ONCE UPON a time, the RAV4 was a bit of a rebel. With its surfer-dude vibe and fun-to-drive attitude, it shook off Toyota’s grey cardigan image, appealing to younger drivers who viewed conventional hatchbacks and saloons with the same sort of disdain they’d show for their parents’ record collections.
That was way back in 1994, when Blur and Oasis were getting into verbal spats, Sony launched the PlayStation, Loaded lads mag stirred up controversy and the Channel Tunnel gave rise to that cultural high point in continental travel, the booze cruise.
Much like the drivers that buy SUVs these days, who have probably got married, had children and taken several steps up the property ladder, the latest 2016 RAV4 range has grown up. It’s larger, plusher and can now be bought with Toyota’s signature tech: hybrid.
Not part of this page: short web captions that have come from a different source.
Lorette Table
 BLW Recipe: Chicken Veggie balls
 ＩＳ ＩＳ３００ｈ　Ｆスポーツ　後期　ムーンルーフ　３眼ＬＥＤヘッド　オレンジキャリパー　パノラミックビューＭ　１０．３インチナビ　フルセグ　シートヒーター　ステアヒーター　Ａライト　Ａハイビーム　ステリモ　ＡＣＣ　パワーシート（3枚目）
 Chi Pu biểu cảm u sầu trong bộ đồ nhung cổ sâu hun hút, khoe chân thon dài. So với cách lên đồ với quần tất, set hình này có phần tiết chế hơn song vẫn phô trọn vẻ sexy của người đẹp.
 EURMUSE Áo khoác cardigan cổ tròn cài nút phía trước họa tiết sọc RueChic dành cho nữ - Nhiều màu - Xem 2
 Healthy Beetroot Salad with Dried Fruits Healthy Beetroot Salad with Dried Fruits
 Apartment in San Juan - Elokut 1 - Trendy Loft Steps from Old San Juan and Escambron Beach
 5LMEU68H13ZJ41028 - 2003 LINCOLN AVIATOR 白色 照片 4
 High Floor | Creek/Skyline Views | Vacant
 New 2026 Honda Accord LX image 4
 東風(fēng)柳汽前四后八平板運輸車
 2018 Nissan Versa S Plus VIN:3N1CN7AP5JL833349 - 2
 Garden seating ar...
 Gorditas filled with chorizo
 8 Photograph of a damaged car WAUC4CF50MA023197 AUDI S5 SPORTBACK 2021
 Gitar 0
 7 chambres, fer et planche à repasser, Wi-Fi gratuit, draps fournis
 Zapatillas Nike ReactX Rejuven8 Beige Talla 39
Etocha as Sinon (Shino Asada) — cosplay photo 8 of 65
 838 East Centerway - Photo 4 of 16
And it really is Toyota’s signature. Last year, every fourth car sold by the Japanese car maker was a hybrid. That means over 26,300 were parked outside British homes.
In the case of the RAV4, the hybrid badge on the boot means there is a 2.5-litre, four-cylinder petrol engine that somehow performs a synchronised driving routine with an electric motor through the dreaded continuously variable automatic transmission (CVT). The combined output of the pair (using a nickel metal-hydride battery) gives the RAV4 four-wheel drive and 195bhp, which sounds ample.
The appeal of a hybrid is easy to see, on paper. It’s possible to drive around town on battery power alone, not only progressing in silence but also belching out fewer nasty Nitrogen Oxide (NOx) emissions into the faces of children at exhaust height.
So far, so goody two-shoes. But a glance at the RAV4 hybrid’s stats will have most drivers of family SUVs doing a double take. Fuel consumption of 55mpg (on the combined cycle) isn’t much to write home about. And the CO2 emissions (which affects tax) of 118g/km aren’t all that, either — a diesel-powered Nissan Qashqai can return 61mpg and emits 120g/km of nasties. Even Toyota’s own RAV4 diesel, the D-4D, manages 60mpg and 123g/km.
Toyota has had since 1997, and the first Prius, to perfect hybrid to the point that it makes diesel redundant. What’s going on? Perhaps the hybrid make a stronger case for itself on the road?
The gearbox takes as long to wake up as a NATO strike force to be mobilised
Things go rapidly downhill from the moment the RAV4 hybrid silently pulls away using its electric motor. Compared with a plug-in hybrid, the battery and motor are pretty puny.
Progress is made at a snail’s pace, at which point you shove the accelerator into the carpet and wait for something to happen. Anything. Some time later — about the time it takes for a NATO strike force to be mobilised — the gearbox wakes up, the engine revs scream and the two power sources have joined forces.
The anti-climax is spectacular. As the SUV has grown older, so, it would seem, has its midriff expanded. It weighs 1,785kg — about 250kg more than a diesel model. And at all times, things feel as there’s a dead weight being dragged along.
With so little torque low in the rev range, too much noise when you step on the gas, the hybrid experience proves wearisome. And during its time on test, it returned 40mpg.
That’s before we get to the best bit of all, the steering and suspension. The former is vague and unresponsive, the latter is harsh and unsettled. The rear suspension, in particular, sets the car thumping and shuddering as though the wheels have fallen off, and has passengers visibly wincing.
The rest of the RAV4 package is practical, family-car fodder. It will seat four people in comfort, five at a pinch, and has a pair of Isofix mounts for child seats in the back. The 501-litre boot is a good size, although with the back seats folded there’s an annoying ridge that robs it of space.
The dashboard and driver environment are let down by poor graphics for the infotainment system. Someone at Toyota should take a look at an Audi, BMW or Volkswagen to see how it’s done.
With a diesel engine under its bonnet, the RAV4 is a perfectly good SUV – one that comes with a five-year warranty at that. And the company can get hybrid right; the Lexus RC 300 hybrid, for example, is a pleasure to drive.
I can think of all sorts of things I’d rather do than drive a RAV4 hybrid, like stand in a queue, only for the counter to close. If you’re buying a family SUV, look elsewhere.